Chip Bone, VP of the Florida Restaurant & Lodging Association Educational Foundation, suspects the problem may lie in a negative perception of how people get treated in the restaurant industry.

To counter this perception, 
in 1997 the NRA launched 
ProStart, a program for students in grades 11 and 12 that explains the value of a foodservice career. Approximately 45,000 high school students in 45 states and territories are involved with ProStart, which gives high school students some restaurant-type training so they can graduate to assistant restaurant managers and do a better job of managing employees later in their careers.

"Restaurants are growing so fast, yet there is a low perception of restaurant jobs, and restaurant training is not where it needs to be," Bone says. "ProStart is about combating that, providing motivation for young people who are considering going into this field."

Florida's ProStart program is the largest in the United States, with a $1 million budget and 18,000 students enrolled in 192 high schools. The schools purchase a two-year curriculum that covers everything from marketing to accounting, culinary to dining-room management. ProStart partners with culinary schools and restaurants to provide paid job experience opportunities for those students, as well as training for their teachers.

"While we have no quantifiable numbers, we have heard anecdotally that this program is improving restaurant recruitment and retention in [Florida]," says Bone. "Our restaurant members are telling us that these students are coming to work for them, and that this program is really affecting kids' lives."

At Legal Sea Foods, Executive Director of Recruiting and Development Janet Sotheby says the 3,600-employee company is trying to adapt hiring practices. "In the past we looked for people with similar experiences to what we needed, but now we're looking for more talent-based selection," she explains. Legal hired Kenexa to conduct in-company research and identify traits that were common among its successful employees.

"As of spring 2007, we look for those traits and talents in our interview and selection process," she says. "For example, one of our big focuses is on guest relationship. If you've got that talent, we'll teach you the mechanics of waiting tables. We're opening it up to all sorts of industries and age groups, including older and mature people, not just college kids looking for part-time work."

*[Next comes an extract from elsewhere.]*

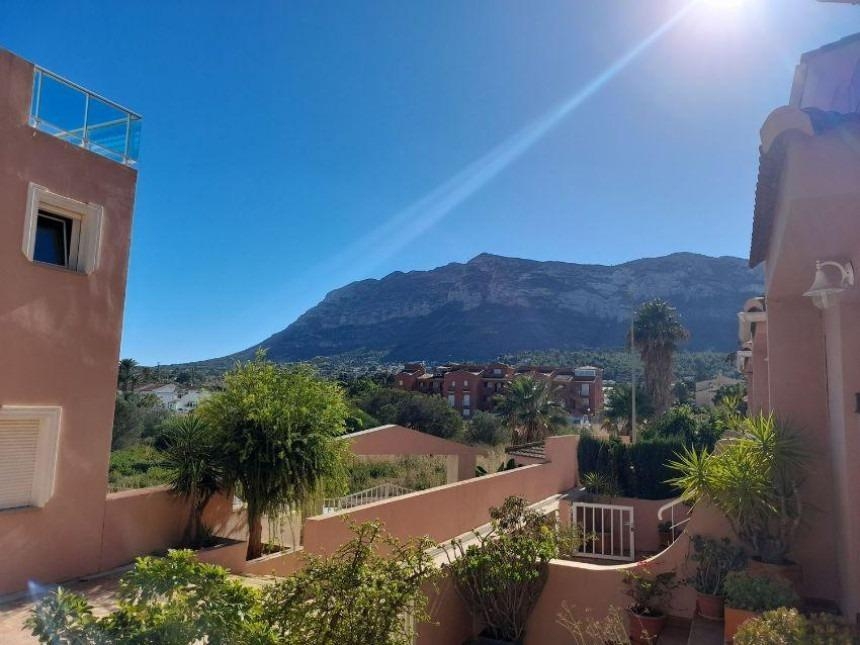 3 Bedroom 4 Bathroom Terraced house in Denia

To attract and retain employees you have to create a company culture that embraces its staff and provides quality incentives for them, says Aaron Noveshen, founder of The Culinary Edge, a restaurant industry consultancy in San Francisco.

"Look at In-&-Out Burger," he suggests. "The chain is renowned for paying some of the highest wages in the industry, and gets some of the highest ratings for happiness on the job, treating employees with respect and creating a fun workplace. Higher pay often does equate to a better experience for people."

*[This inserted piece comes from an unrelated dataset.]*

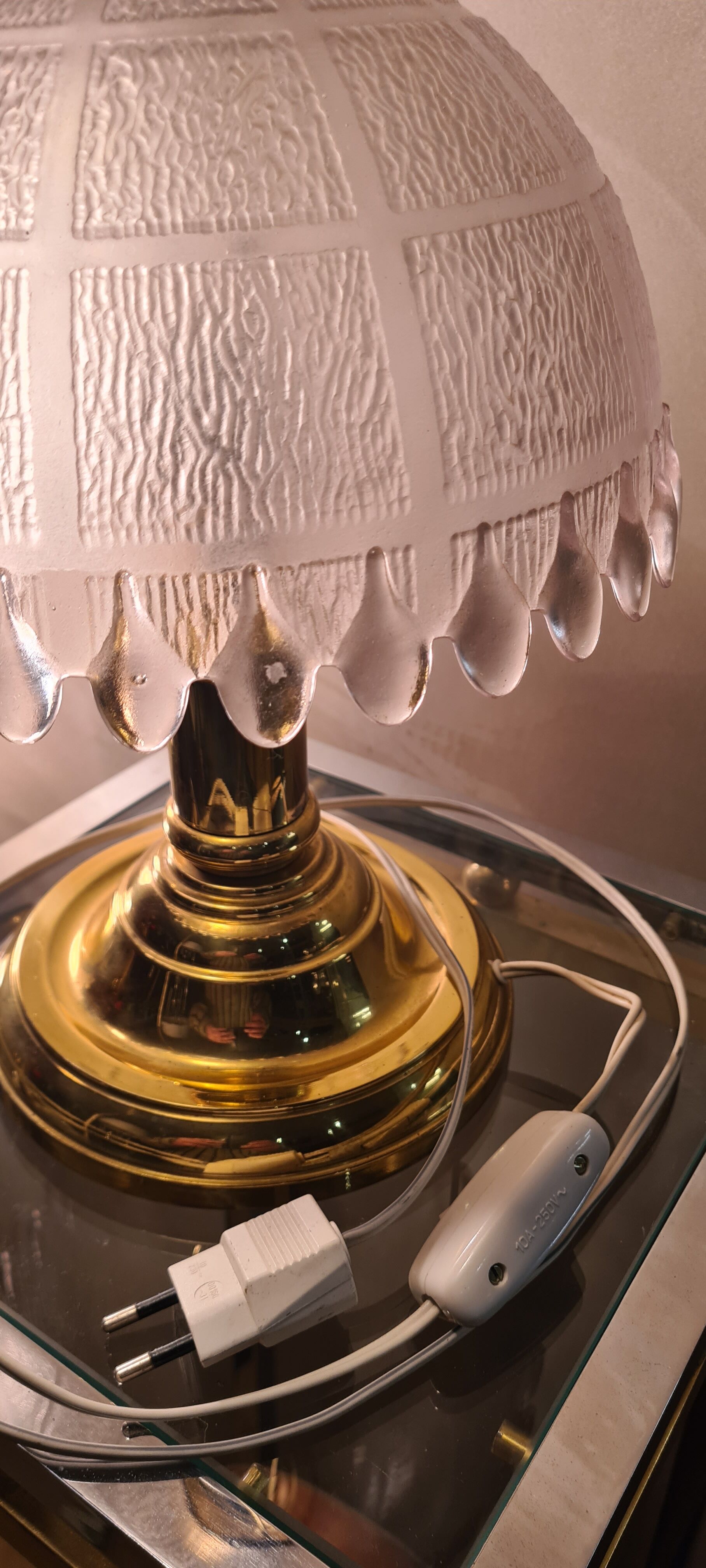 Delux lamp 1970 A 80 gold chrome ,,,,,and molded glass 31x22 very good condition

Daily communication and recognition are other keys to a happy workforce, according to Mary M. Adolf, president and COO of the NRA's Educational Foundation.

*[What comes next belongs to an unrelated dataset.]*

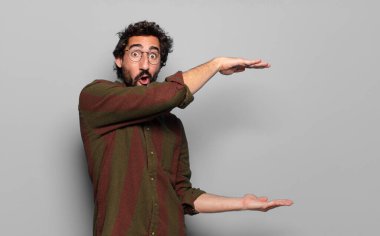 Kopya alanı olan genç sakallı adam.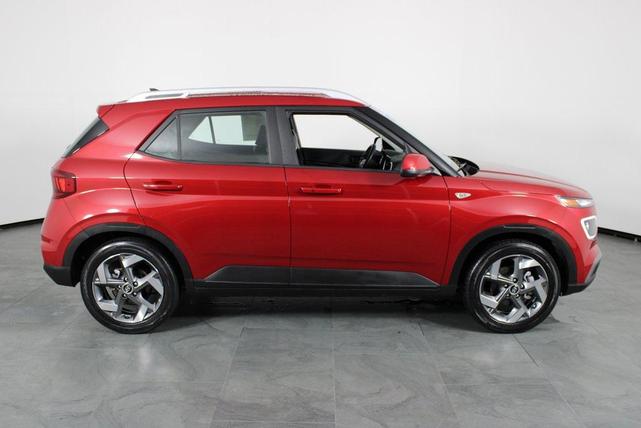 Photo of 2022 Scarlet Red Pearl Hyundai VENUE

"Bubba Gump Shrimp Co. promotes its open-door policy as a way to ensure that staff is informed on what is going on around the company, as well as how they are developing personally," she says. "Twice-daily shift meetings, weekly manager meetings, bi-weekly trainer meetings and regular round-table meetings are all of the ways 
Bubba Gump keeps their employees connected."

The NRA's Educational Foundation SPIRIT Awards program recognizes foodservice operations with exceptional employee programs in place.

"Emphasize the importance of your workforce to your bottom line," she advises restaurants with recruitment and retention challenges. "Acknowledge that without them, your company cannot succeed. Make sure you are providing your employees with a career and not simply a job by providing them with the tools they need to succeed both professionally and personally."

Siriani agrees. "Churn and burn is a stigma of our industry that we don't believe has to be a part of it. The issue is: What are companies doing to reach the workforce and engage their hearts, heads and minds? This is a great time for the restaurant industry to talk about the beauty and flexibility of working in the industry."